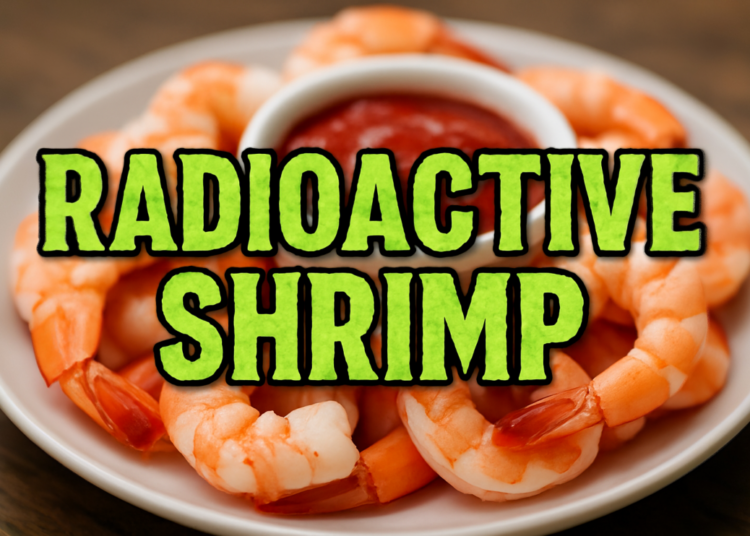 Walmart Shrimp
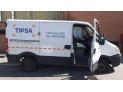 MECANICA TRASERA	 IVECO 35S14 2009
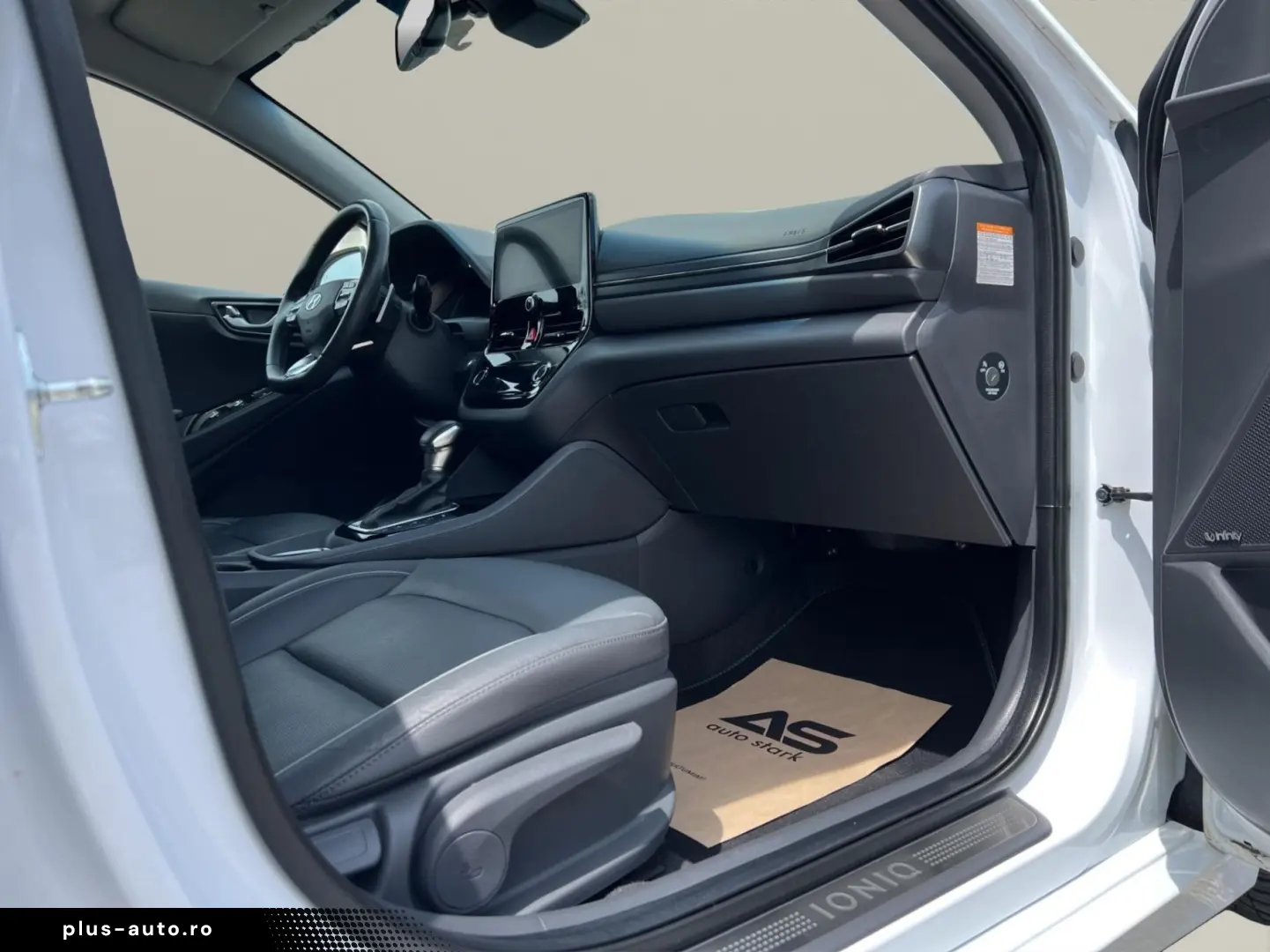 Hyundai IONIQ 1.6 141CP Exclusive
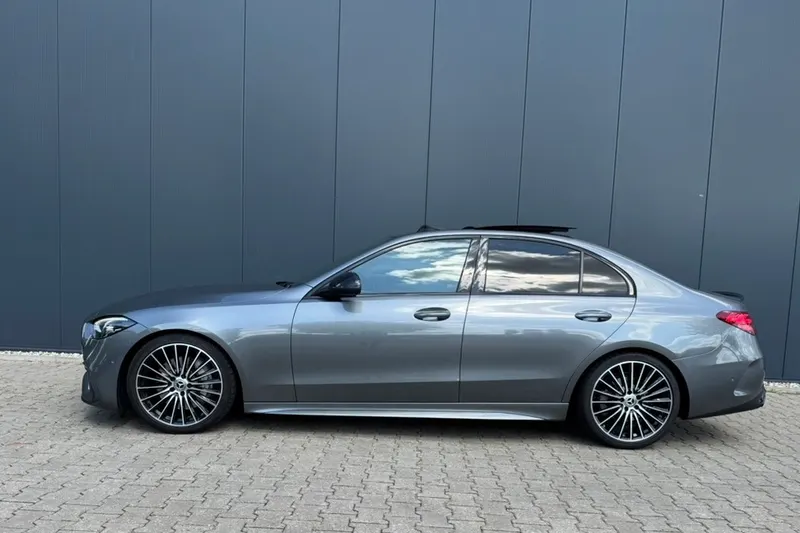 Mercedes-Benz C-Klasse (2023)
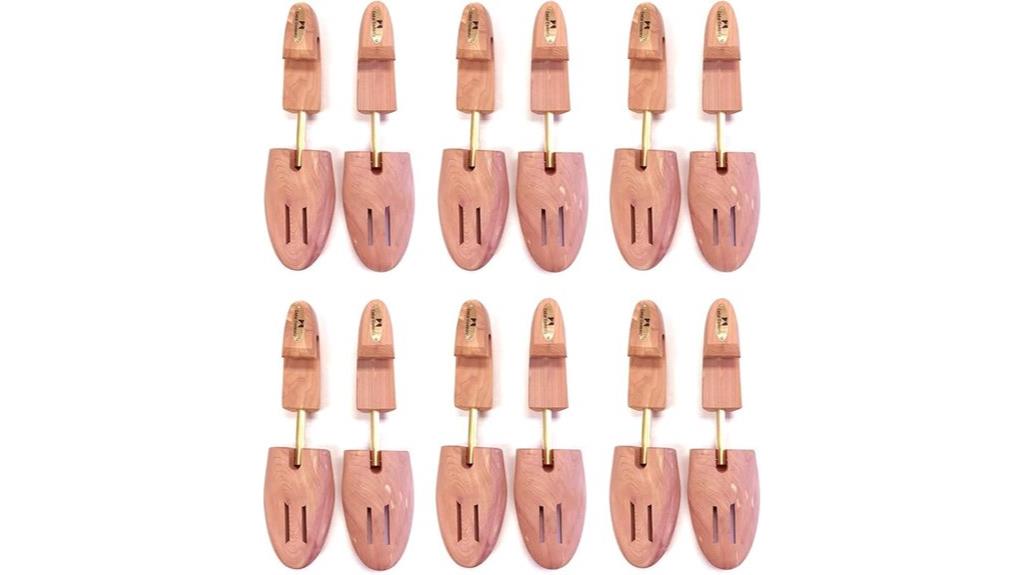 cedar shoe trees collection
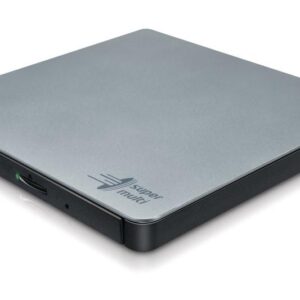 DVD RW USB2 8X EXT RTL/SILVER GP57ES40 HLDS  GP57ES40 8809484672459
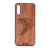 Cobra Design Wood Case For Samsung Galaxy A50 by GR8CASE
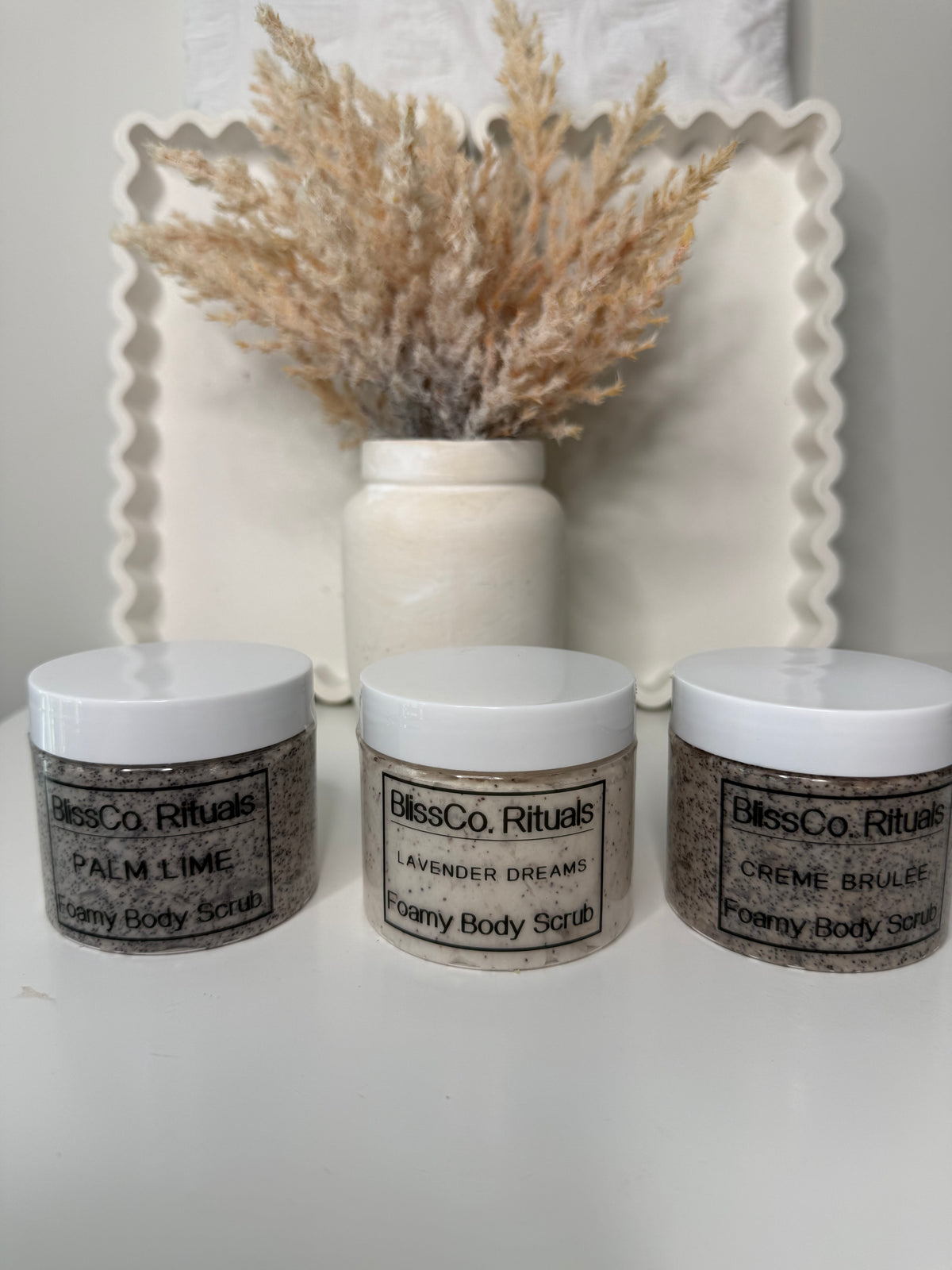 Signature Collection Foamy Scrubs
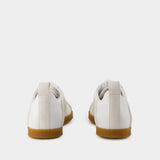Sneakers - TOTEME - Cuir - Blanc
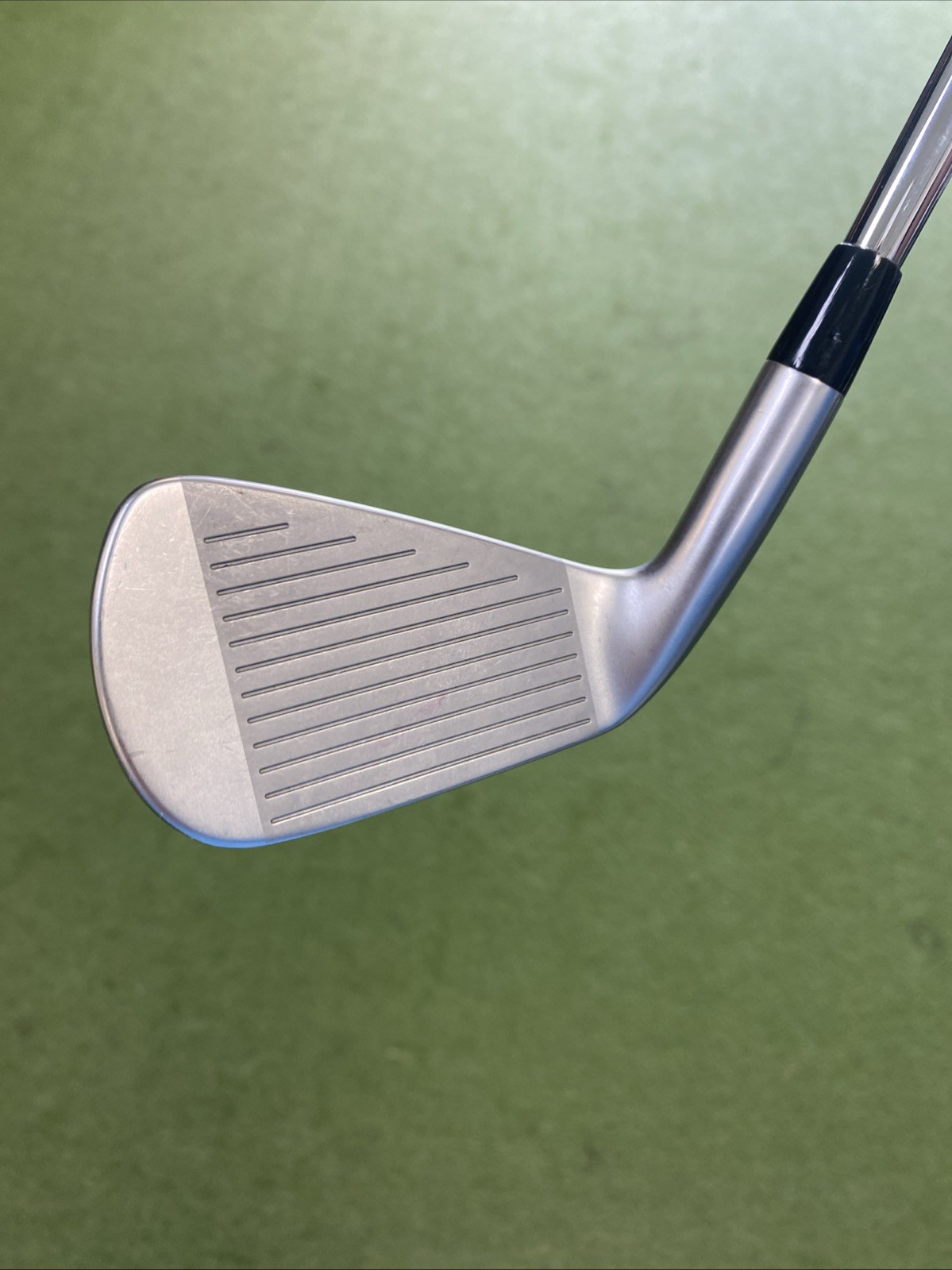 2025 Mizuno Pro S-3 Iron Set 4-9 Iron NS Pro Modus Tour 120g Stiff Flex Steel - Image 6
---
**WHAT IS NEEDED:**
All of the records above should be returned exactly, though the pictures should not.

**WRITTEN RESPONSE:**
 Walmart Shrimp
 MECANICA TRASERA	 IVECO 35S14 2009
 Hyundai IONIQ 1.6 141CP Exclusive
 Mercedes-Benz C-Klasse (2023)
 cedar shoe trees collection
 DVD RW USB2 8X EXT RTL/SILVER GP57ES40 HLDS  GP57ES40 8809484672459
 Cobra Design Wood Case For Samsung Galaxy A50 by GR8CASE
 Signature Collection Foamy Scrubs
Sneakers - TOTEME - Cuir - Blanc
 2025 Mizuno Pro S-3 Iron Set 4-9 Iron NS Pro Modus Tour 120g Stiff Flex Steel - Image 6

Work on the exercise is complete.